Ultimately, the Global War On Terror has become a kind of carte blanche for those nations that also shop at the supermarket of US military hardware. They are in the club and guaranteed impunity is its customer rewards program for top shoppers like Israel and Egypt and Saudi Arabia. And for all others, the not-so-small print of the Geneva Conventions still apply.



This brilliant, beautifully written piece was a bit painful to read because you show so honestly how monstrous America's military policy has been for the past 3 decades. We are becoming the Jeffrey Dahmer of nations. "The greatest purveyor of violence in the world", said Martin Luther King. And I'm an old white guy born in the 1950's to educated upper-middle-class parents, living comfortably now in the dregs of the American dream, which as you so clearly show here, has been a nightmare for millions of people all over the world, so reading this piece made me feel like a monster by proxy, which I am.
We are now like Nazi Germany and our people are like the gullible Germans in the mid 1930’s. The 4.5 million deaths and 38 million refugees our government has caused, according to a recent Brown University study, in "unprovoked wars of aggression" just since 9/11, say it all.
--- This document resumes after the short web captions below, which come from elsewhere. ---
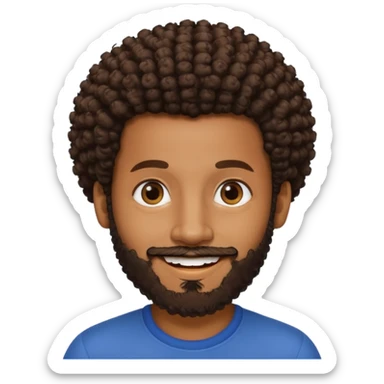 brown skin man with beard and a tiny curly  Afro fade with dark dark brown eyes  sticker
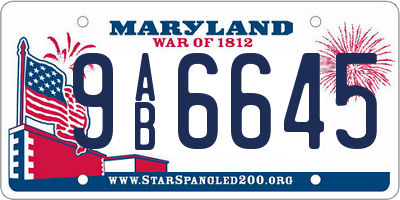 MD license plate 9AB6645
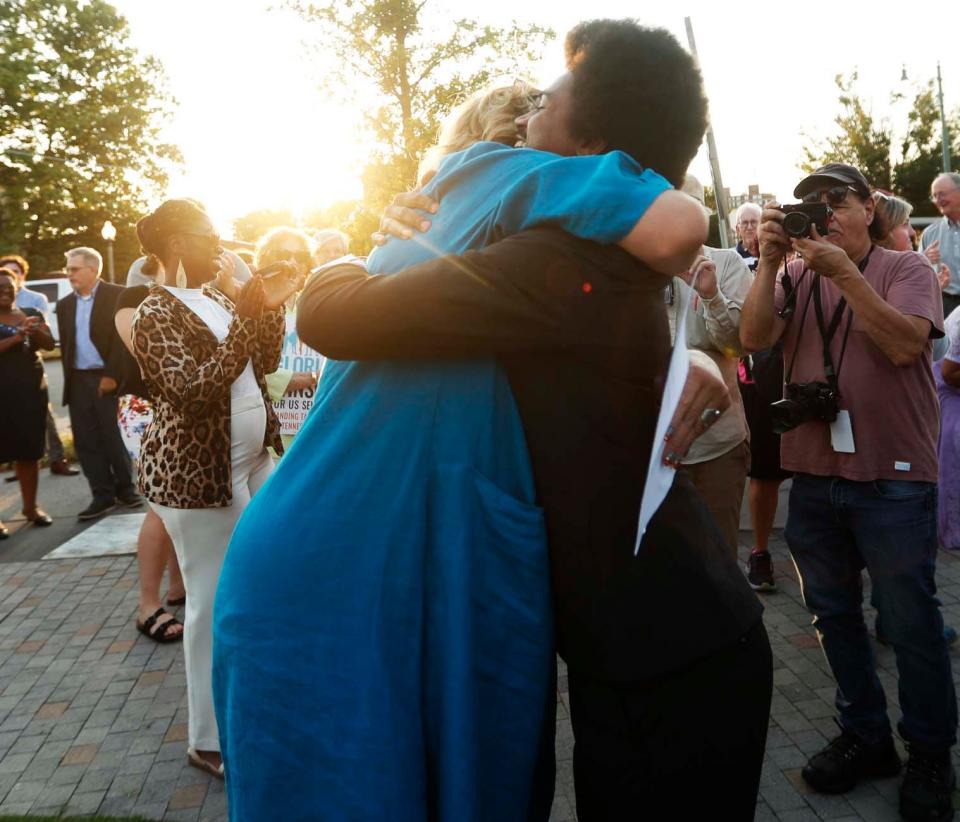 Rep. Gloria Johnson, D- Knoxville, and Rep. Justin Pearson, D-Memphis share a hug before she announces her campaign for U.S. Senate in 2024 at the I Am A Man Plaza in Memphis, Tenn., Tuesday, Sept. 5, 2023.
Once America had become the world hegemon and successfully pushed the Global South and its "allies" all under the thumb of elite billionaire globalist psychos, there was no longer a need for an egalitarian government and a strong, skilled, middle class to lend respectability to America as it served as the world cop/gangster. Now the American working people have become just another colony of the empire.
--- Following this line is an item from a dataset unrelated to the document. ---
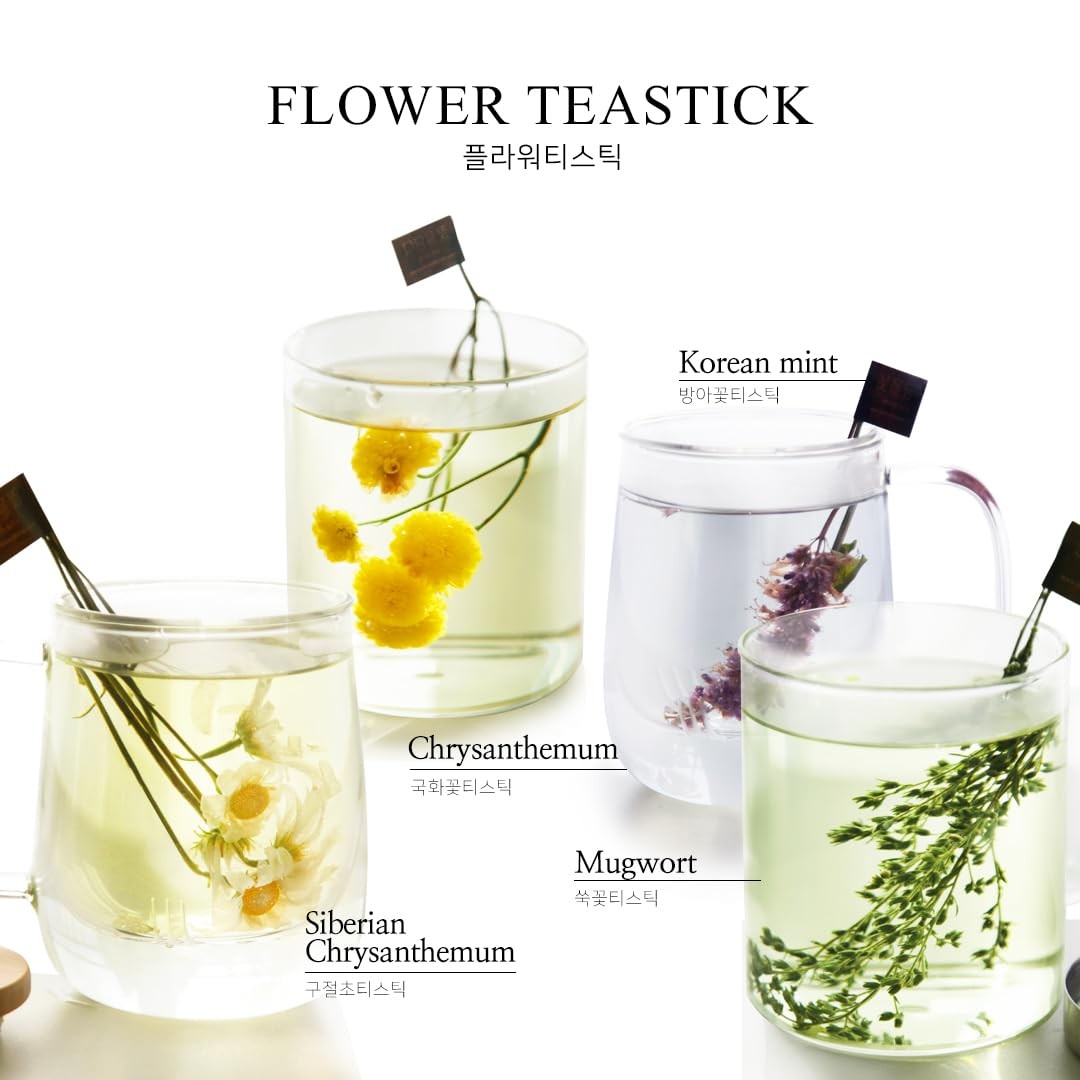 Fancy Korean Tea Gift Set Premium Flower Stick Variety Pack 5 Loose Leaf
All American women should be freaking out that moms are going to prison for getting birth control pills for their teenage daughters. There are miles of tent and broken vehicle slums in American cities and our third graders can hardly read. We are shooting one another in mass killings every day. And yet our government is pouring hundreds of billions of dollars into a crack in Ukraine that hasn't moved in 10 months, and now into Israel to uphold an insane apartheid reign of a racist religious ethno-state.